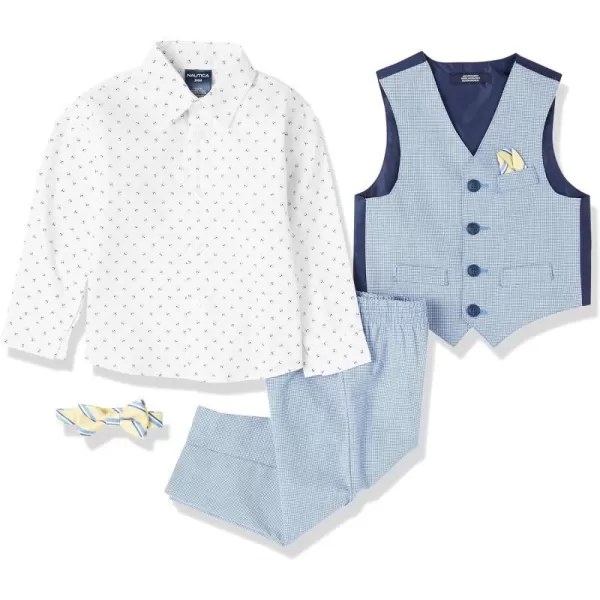 Nautica Baby Boys 4Piece Set with Dress Shirt Vest Pants and TieGrecian Blue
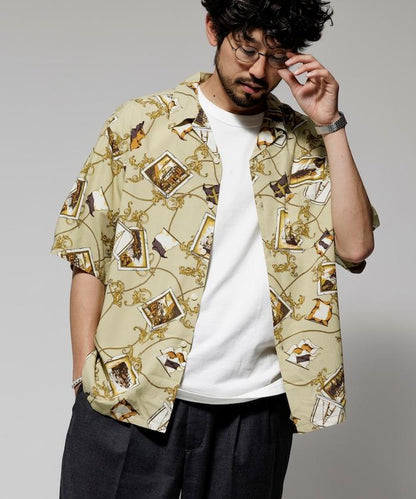 舒適版型 可水洗 人造絲 方巾圖案 開領襯衫 短袖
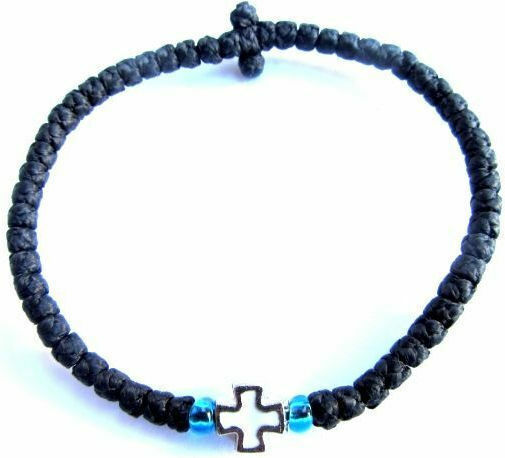 IconsGR Prayer Beads with Cross & Blue Bead Black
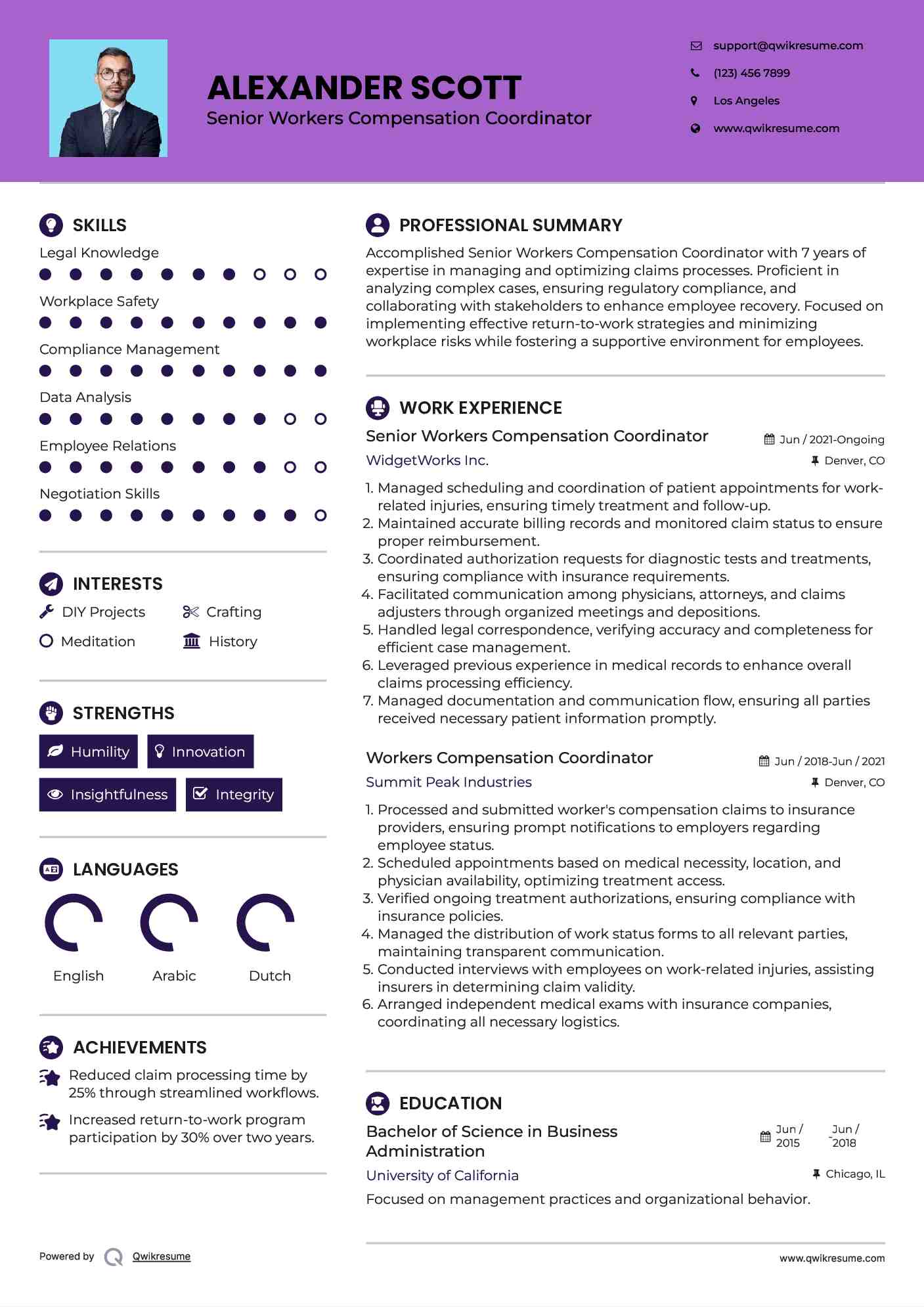 Senior Workers Compensation Coordinator Resume Format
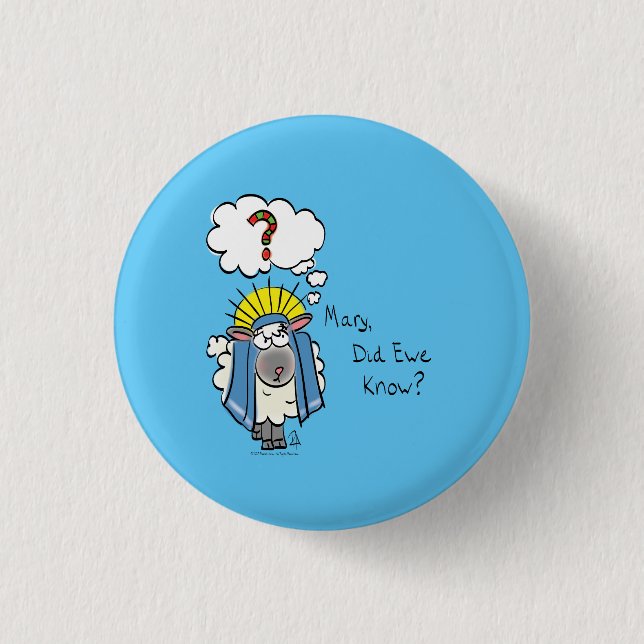 Funny Christian Christmas Cute Sheep Cartoon Button (Front)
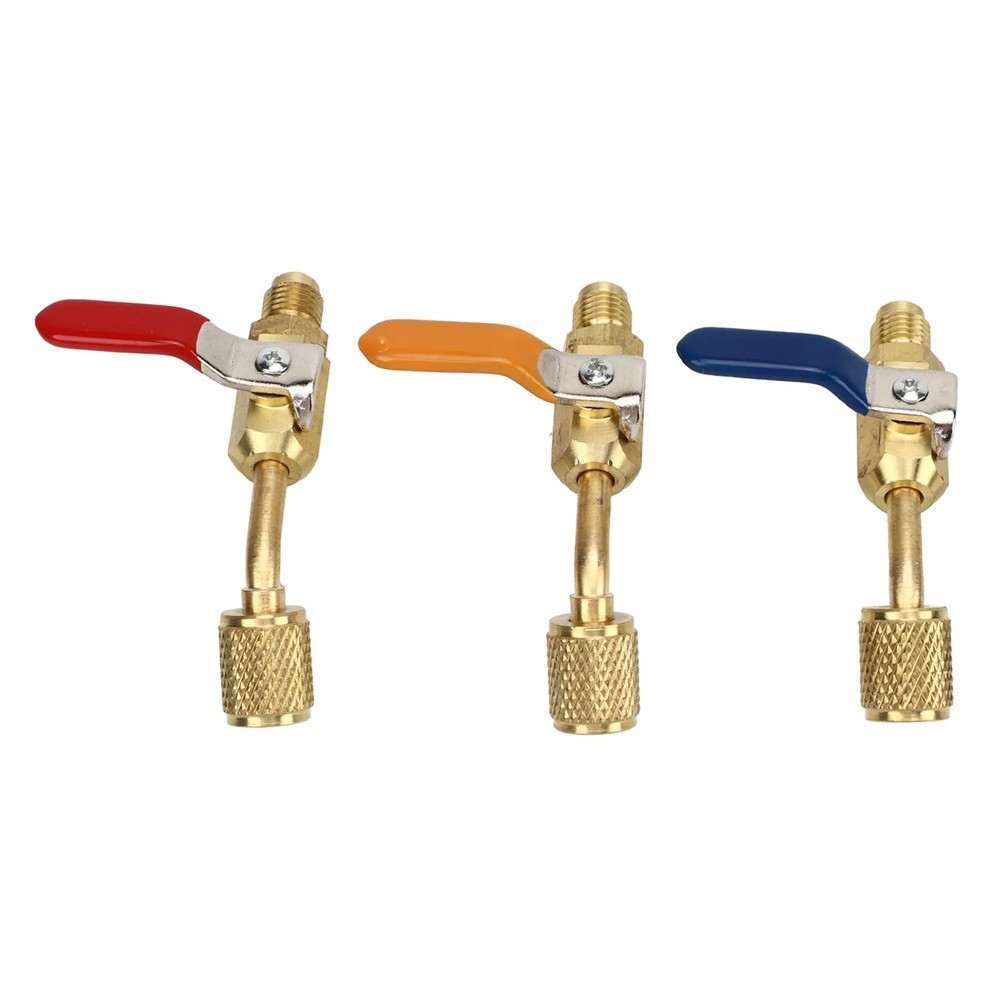 1/4″ SAE 3PCS AC Coolant Charging Hoses Angled Small Ball Valve Kit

* [EXERCISE BRIEF]:
Write the listing out exactly, word for word, but omit the pictures.

* [WRITTEN SOLUTION]:
 Nautica Baby Boys 4Piece Set with Dress Shirt Vest Pants and TieGrecian Blue
 舒適版型 可水洗 人造絲 方巾圖案 開領襯衫 短袖
 IconsGR Prayer Beads with Cross & Blue Bead Black
 Senior Workers Compensation Coordinator Resume Format
 Funny Christian Christmas Cute Sheep Cartoon Button (Front)
 1/4″ SAE 3PCS AC Coolant Charging Hoses Angled Small Ball Valve Kit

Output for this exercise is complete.